There are limited options available to litigants who wish to obtain documents from non-parties for the purposes of Bermuda civil litigation. Unlike the United States, where litigants can obtain broad discovery from non-parties (including deposition discovery), Bermuda’s Courts do not have the power to order discovery from non-parties for use in Bermuda proceedings.
In appropriate circumstances, a Bermuda litigant may obtain production of documents from a non-party present within the jurisdiction of Bermuda by applying to the Court for the issuance of a subpoena duces tecum. However, production of documents from a non-party may not be ordered unless the documents sought are “necessary for the fair disposal of the issues in dispute in the proceedings”. In addition, documents sought by way of subpoena must be identified specifically, either individually or compendiously, and not by reference to broad categories or to the issues in the proceedings.
The Supreme Court of Bermuda has recently issued a decision, In the matter of Jardine Strategic Holdings Limited [2024] SC Bda 63 Civ. (5 November 2024), confirming the legal test to be applied when determining whether a non-party may be compelled to produce documents in response to a subpoena duces tecum.
The requirement for the target documents to be “necessary” is often misinterpreted to mean that the documents must be directly relevant to disputed issues and strictly necessary (i.e. essential) for their determination.

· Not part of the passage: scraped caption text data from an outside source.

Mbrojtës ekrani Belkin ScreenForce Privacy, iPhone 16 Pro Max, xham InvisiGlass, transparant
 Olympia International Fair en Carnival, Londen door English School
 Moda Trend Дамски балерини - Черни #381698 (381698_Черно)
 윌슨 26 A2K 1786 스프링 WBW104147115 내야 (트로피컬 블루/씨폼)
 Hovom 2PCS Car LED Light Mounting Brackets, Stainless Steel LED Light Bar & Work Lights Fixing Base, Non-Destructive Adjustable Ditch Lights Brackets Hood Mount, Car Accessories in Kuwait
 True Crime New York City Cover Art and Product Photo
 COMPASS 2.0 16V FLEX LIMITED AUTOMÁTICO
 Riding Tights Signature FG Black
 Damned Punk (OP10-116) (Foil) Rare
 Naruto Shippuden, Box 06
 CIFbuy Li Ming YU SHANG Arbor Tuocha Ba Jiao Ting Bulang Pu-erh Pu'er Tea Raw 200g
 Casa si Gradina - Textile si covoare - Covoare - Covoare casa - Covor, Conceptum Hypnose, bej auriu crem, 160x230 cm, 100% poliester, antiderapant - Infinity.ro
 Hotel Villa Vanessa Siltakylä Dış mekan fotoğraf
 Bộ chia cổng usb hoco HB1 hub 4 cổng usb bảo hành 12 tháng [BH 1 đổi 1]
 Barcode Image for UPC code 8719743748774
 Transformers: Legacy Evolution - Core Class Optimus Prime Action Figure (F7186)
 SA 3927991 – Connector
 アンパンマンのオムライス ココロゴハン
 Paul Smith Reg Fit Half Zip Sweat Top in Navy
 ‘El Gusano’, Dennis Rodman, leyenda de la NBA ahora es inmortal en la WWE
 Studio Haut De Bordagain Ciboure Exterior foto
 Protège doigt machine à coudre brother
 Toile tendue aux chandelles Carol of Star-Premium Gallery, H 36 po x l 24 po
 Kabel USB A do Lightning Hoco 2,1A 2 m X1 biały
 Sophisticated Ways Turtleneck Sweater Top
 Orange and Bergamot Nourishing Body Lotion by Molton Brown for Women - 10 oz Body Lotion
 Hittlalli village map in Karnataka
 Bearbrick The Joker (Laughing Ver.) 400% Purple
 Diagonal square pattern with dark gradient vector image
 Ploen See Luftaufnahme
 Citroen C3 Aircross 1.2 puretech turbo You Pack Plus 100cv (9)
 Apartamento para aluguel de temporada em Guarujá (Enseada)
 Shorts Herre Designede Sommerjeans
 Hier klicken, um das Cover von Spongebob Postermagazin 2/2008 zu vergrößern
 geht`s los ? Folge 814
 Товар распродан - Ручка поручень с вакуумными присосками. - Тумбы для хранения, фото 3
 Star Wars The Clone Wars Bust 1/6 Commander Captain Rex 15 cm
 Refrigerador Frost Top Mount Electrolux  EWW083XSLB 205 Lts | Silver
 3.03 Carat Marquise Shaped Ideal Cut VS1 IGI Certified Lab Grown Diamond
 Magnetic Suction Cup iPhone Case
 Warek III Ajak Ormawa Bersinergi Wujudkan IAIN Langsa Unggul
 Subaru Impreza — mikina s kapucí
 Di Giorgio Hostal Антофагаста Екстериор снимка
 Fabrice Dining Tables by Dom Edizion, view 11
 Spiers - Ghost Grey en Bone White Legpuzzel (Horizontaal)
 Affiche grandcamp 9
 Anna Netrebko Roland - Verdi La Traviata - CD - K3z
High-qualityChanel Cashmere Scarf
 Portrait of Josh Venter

However, as Martin J’s recent ruling in Jardine makes clear, the Court is able to take a flexible approach and to have regard to all the circumstances of the particular case in deciding what is “necessary” for the fair disposal of the issues in dispute.
The decision concerned subpoenas served by a large number of dissenting shareholders in connection with share appraisal proceedings brought against a Bermuda holding company under Section 106(6) of the Companies Act 1981, which followed the compulsory acquisition of the dissenting shareholders’ shares. The Bermuda holding company did not have any employees and its assets (and value) comprised principally publicly-traded majority shareholdings in underlying “group” companies, which meant that many documents relevant to valuing the company’s shares were in the possession of the subsidiary companies. As the Bermuda Court had previously found that documents in the possession of the subsidiary companies were not in the possession, custody or power of the holding company (and therefore could not be obtained by way of discovery), it was necessary for the shareholders to seek documents directly from the subsidiary companies as non-parties by way of subpoena.
The non-party subsidiary companies subsequently sought orders setting aside the subpoenas on various grounds, including on the basis that the information sought by the subpoenas was not necessary for the disposal of the issues in dispute in the appraisal proceedings. In support of their position, the subsidiaries adduced extensive evidence from expert valuers who sought to challenge the evidence of the dissenting shareholders’ independent valuation expert, who maintained that the documents sought were necessary to enable him to undertake a valuation that would be “significantly more informed”.
Endorsing the approach advocated in the English authorities, Martin J held in Jardine that the following principles reflect the proper approach to determining “necessity” in the context of a subpoena:
- The documents must be relevant to some issue in the proceedings and be admissible in evidence in respect of that issue, as well as to be necessary for fairly disposing of the action;
- The documents must be required as relevant and admissible evidence, or must at least arguably and on reasonable grounds come within that category;
- The test for production of specific documents requires the Court to consider whether one party would enjoy an unfair advantage over the other in the proceedings were production to be refused; and
- Necessity is a requirement that must be dictated flexibly in the circumstances of each of case.
Martin J refused the application to set aside the shareholders’ requests and firmly rejected the suggestion that his refusal to set aside the dissenters’ subpoenas amounted to a “change in law” or would lead to a flood of subpoenas in appraisal and other types of proceedings, remarking that the law in this area is “well-settled” and that the Court is armed with sufficient discretion and power to prevent abuse or oppressive use of the subpoena jurisdiction.
A subpoena remains a tool of limited utility for gathering evidence that cannot be obtained from the opposing party through the discovery process. However, as the Jardine decision illustrates, when there is no other means of obtaining important evidence, the Court will uphold an appropriately framed subpoena directed at third party document custodians which demonstrates the relevance, necessity and admissibility of the evidence that is sought from the third party.